6. Pengakuan Akan Sifat Jalal dan Jamal Allah
Dalam pandangan makrifat, “ma sya Allah” mencakup sifat “jalal” (keagungan) dan “jamal” (keindahan) Allah. Ketika seseorang mengagumi sesuatu dan mengucapkan “ma sya Allah”, mereka mengakui bahwa keindahan tersebut adalah refleksi dari sifat “jamal” Allah. Di saat yang sama, mereka mengingat bahwa segala sesuatu berada di bawah kekuasaan (jalal) Allah dan tunduk kepada ketentuan-Nya.
7. Kesadaran Akan Hubungan Hamba dan Tuhan
Ahli hakikat melihat “ma sya Allah” sebagai pengingat akan hubungan antara hamba dengan Tuhan. Mereka memahami bahwa manusia hanyalah “saluran” untuk kehendak Allah, dan kehidupan manusia pada hakikatnya adalah manifestasi dari kehendak Allah. Dengan menyadari hal ini, seorang hamba akan selalu melihat bahwa keberadaannya adalah bagian dari kehendak ilahi.
8. Menghadirkan Allah dalam Setiap Kejadian
Kalimat “ma sya Allah” membantu ahli makrifat untuk selalu “hadir” bersama Allah dalam setiap kejadian. Artinya, mereka senantiasa menyadari bahwa segala sesuatu, baik atau buruk, hanya terjadi atas izin dan kehendak Allah. Mereka tidak akan merasa terlalu sedih atas kehilangan atau terlalu berbangga atas pencapaian, karena semua itu adalah perwujudan kehendak Allah.
9. Ungkapan Cinta kepada Allah
Ahli makrifat juga memandang “ma sya Allah” sebagai ungkapan cinta dan kekaguman yang dalam kepada Allah. Mereka melihat bahwa di balik segala kejadian, ada rahmat dan kasih sayang Allah yang tersembunyi. Dengan mengucapkan “ma sya Allah”, mereka mengakui kasih sayang Allah yang terpancar dalam semua ciptaan, bahkan dalam kejadian yang tampak sebagai cobaan.

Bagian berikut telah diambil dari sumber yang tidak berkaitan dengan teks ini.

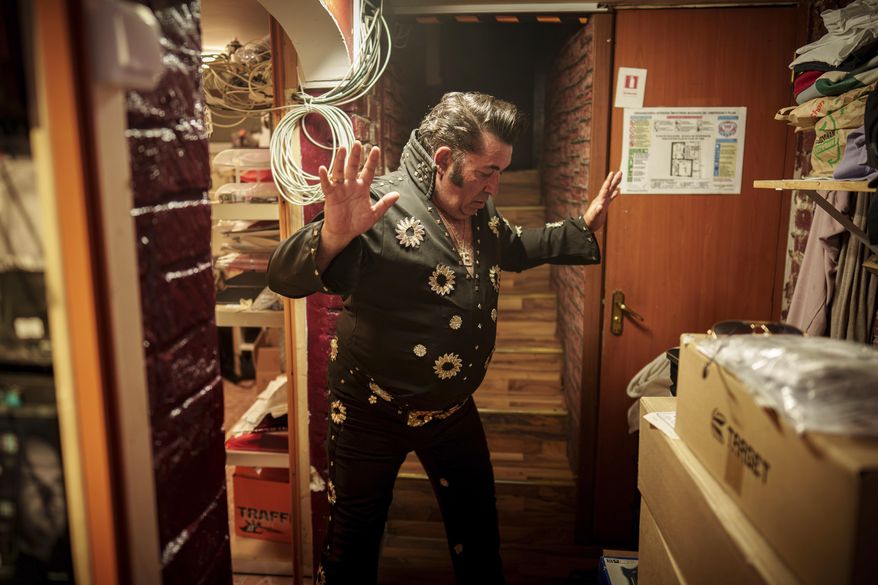 Tudor Lakatos, who goes by the stage name Elvis Rromano, strikes a pose while getting ready for his performance with the Taraful Frunzelor band at the Terasa Florilor restaurant, in Bucharest, Romania, Friday, June 20, 2025. (AP Photo/Vadim Ghirda)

10. Pencapaian Kedamaian Batin
Ahli hakikat melihat bahwa “ma sya Allah” membawa seseorang pada kedamaian batin yang dalam. Kesadaran bahwa segala sesuatu diatur oleh kehendak Allah membebaskan mereka dari ketakutan dan kekhawatiran duniawi. Mereka menerima segala sesuatu yang datang dari Allah dengan ketenangan, karena yakin bahwa semua yang terjadi adalah bagian dari rencana-Nya yang sempurna.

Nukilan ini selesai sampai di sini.